Pictures in the records are to be omitted; everything else is copied exactly.
───── MATERIAL SUPPLIED ─────
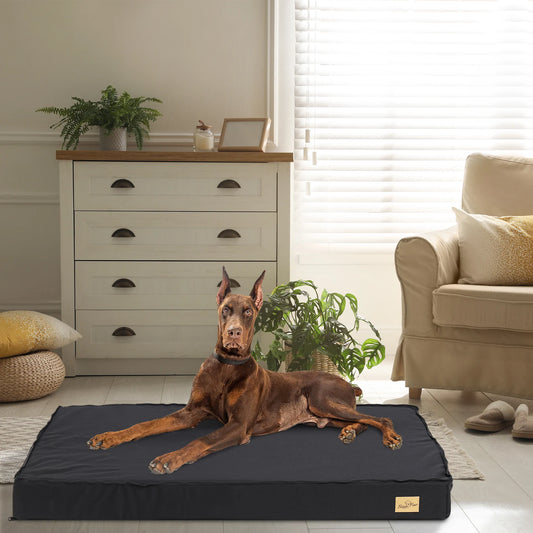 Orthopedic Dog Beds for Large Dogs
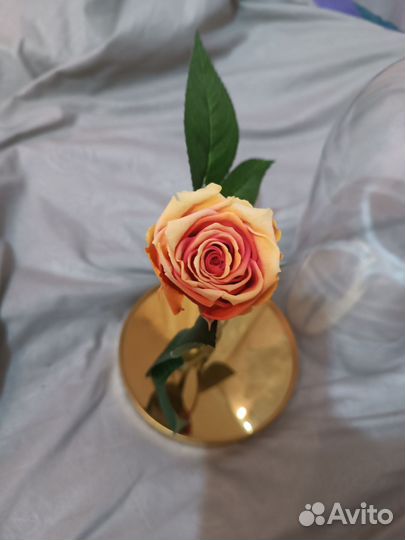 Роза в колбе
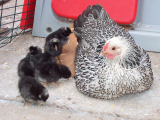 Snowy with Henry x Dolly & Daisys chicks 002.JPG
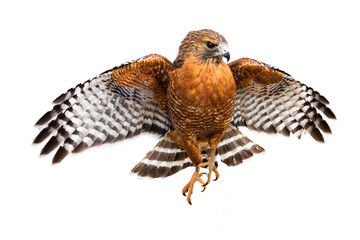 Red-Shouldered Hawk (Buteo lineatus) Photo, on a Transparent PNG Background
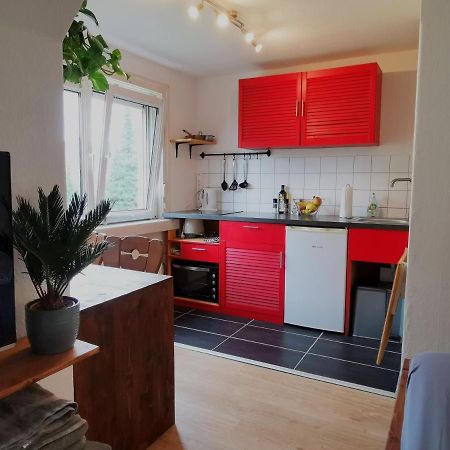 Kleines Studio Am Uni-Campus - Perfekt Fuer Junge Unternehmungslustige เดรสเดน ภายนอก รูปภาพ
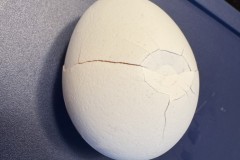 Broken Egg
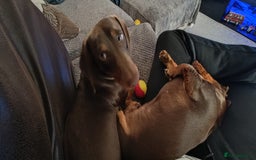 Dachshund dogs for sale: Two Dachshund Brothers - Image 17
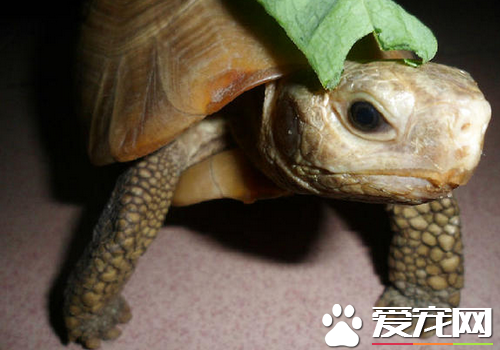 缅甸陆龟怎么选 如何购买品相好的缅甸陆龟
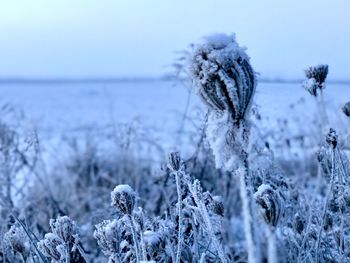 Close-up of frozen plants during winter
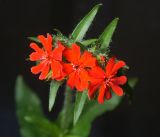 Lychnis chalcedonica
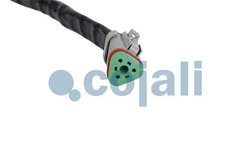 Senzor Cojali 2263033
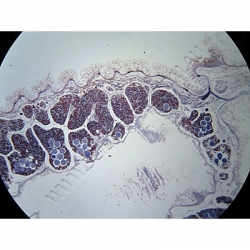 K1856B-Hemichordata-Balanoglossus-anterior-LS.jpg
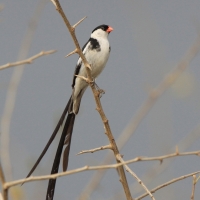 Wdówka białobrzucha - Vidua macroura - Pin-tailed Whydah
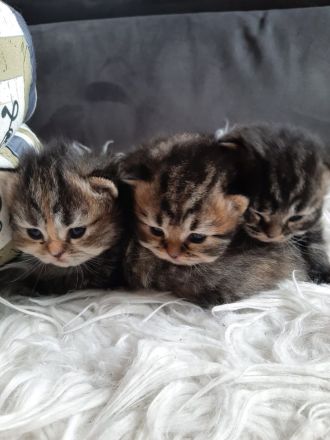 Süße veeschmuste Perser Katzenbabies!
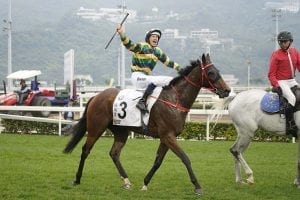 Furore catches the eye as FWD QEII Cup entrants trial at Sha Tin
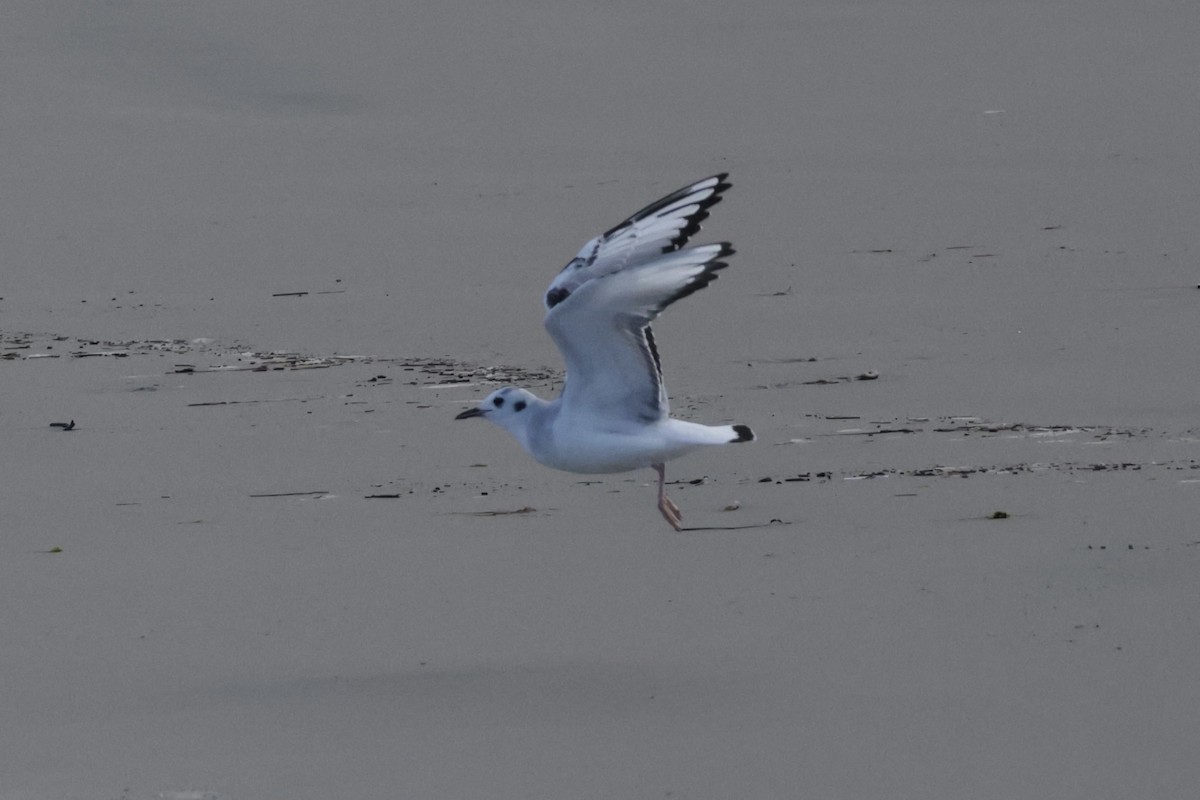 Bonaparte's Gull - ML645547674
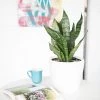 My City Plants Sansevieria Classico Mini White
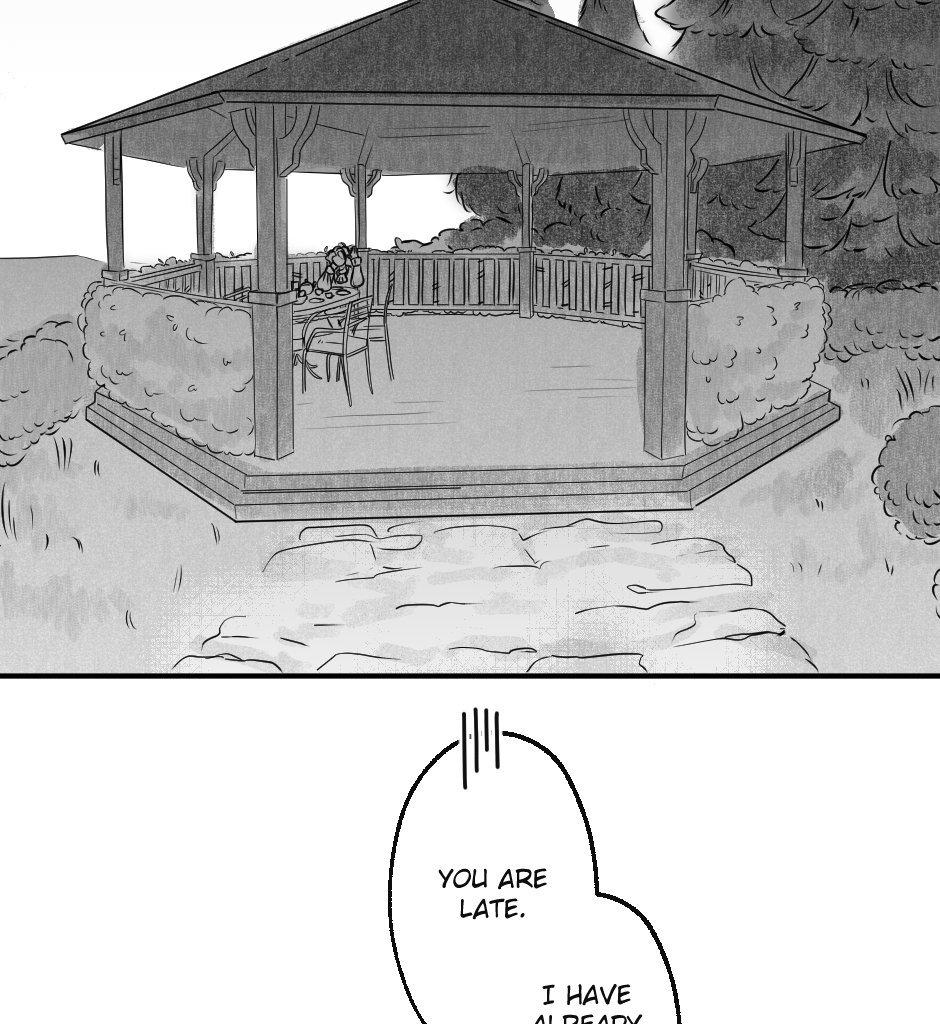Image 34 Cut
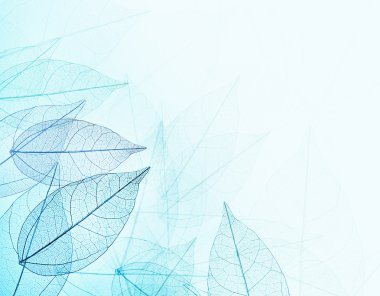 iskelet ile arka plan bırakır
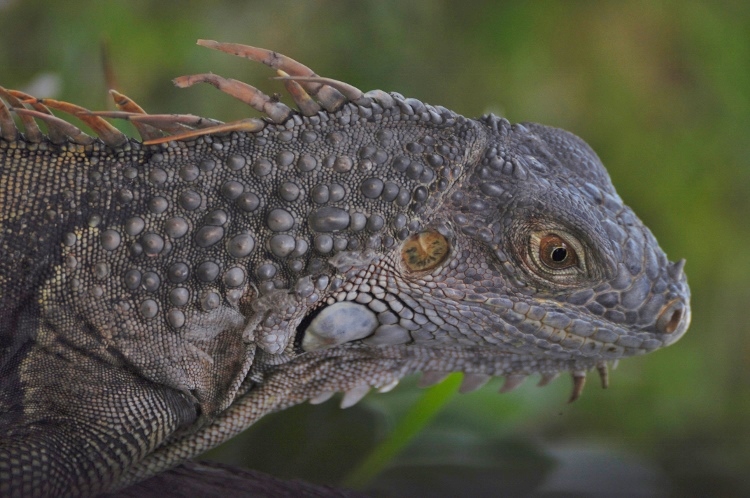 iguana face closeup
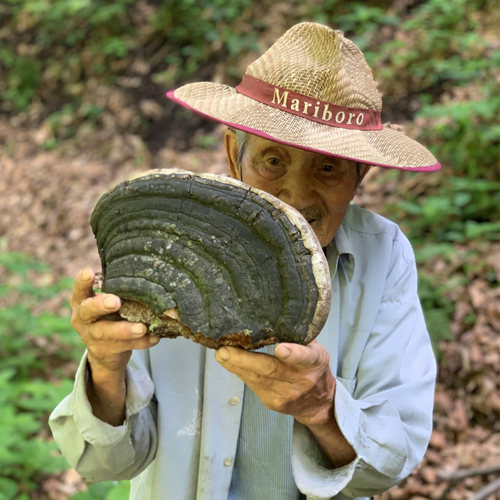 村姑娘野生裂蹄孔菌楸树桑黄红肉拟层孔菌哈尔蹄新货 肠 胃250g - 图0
─────
OUTPUT FOR THIS TASK
 Orthopedic Dog Beds for Large Dogs
 Роза в колбе
 Snowy with Henry x Dolly & Daisys chicks 002.JPG
 Red-Shouldered Hawk (Buteo lineatus) Photo, on a Transparent PNG Background
 Kleines Studio Am Uni-Campus - Perfekt Fuer Junge Unternehmungslustige เดรสเดน ภายนอก รูปภาพ
 Broken Egg
 Dachshund dogs for sale: Two Dachshund Brothers - Image 17
 缅甸陆龟怎么选 如何购买品相好的缅甸陆龟
 Close-up of frozen plants during winter
 Lychnis chalcedonica
 Senzor Cojali 2263033
 K1856B-Hemichordata-Balanoglossus-anterior-LS.jpg
 Wdówka białobrzucha - Vidua macroura - Pin-tailed Whydah
 Süße veeschmuste Perser Katzenbabies!
 Furore catches the eye as FWD QEII Cup entrants trial at Sha Tin
 Bonaparte's Gull - ML645547674
 My City Plants Sansevieria Classico Mini White
Image 34 Cut
 iskelet ile arka plan bırakır
 iguana face closeup
 村姑娘野生裂蹄孔菌楸树桑黄红肉拟层孔菌哈尔蹄新货 肠 胃250g - 图0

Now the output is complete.